> _DATASET CONTENT_
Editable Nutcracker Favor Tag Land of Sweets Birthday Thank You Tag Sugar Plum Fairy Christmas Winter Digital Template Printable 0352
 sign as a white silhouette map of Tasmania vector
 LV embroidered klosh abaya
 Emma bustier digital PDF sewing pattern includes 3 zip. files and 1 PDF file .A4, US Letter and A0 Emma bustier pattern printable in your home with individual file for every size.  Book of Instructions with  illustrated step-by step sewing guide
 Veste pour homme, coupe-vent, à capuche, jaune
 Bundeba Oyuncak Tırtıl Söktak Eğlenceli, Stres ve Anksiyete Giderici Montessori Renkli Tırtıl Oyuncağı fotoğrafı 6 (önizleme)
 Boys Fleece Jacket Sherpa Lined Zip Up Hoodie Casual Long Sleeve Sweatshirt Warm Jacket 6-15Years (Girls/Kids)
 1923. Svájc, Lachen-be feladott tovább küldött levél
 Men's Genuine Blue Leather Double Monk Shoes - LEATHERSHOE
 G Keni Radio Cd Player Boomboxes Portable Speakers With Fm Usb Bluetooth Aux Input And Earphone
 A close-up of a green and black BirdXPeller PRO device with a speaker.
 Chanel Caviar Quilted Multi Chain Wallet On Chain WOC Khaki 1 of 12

> _WORK TASK_
Copy exactly the lines that run from the one containing "Men's Genuine Blue" to the last line of the listing, both included, and nothing more.

> _OUTPUT BELOW_
 Men's Genuine Blue Leather Double Monk Shoes - LEATHERSHOE
 G Keni Radio Cd Player Boomboxes Portable Speakers With Fm Usb Bluetooth Aux Input And Earphone
 A close-up of a green and black BirdXPeller PRO device with a speaker.
 Chanel Caviar Quilted Multi Chain Wallet On Chain WOC Khaki 1 of 12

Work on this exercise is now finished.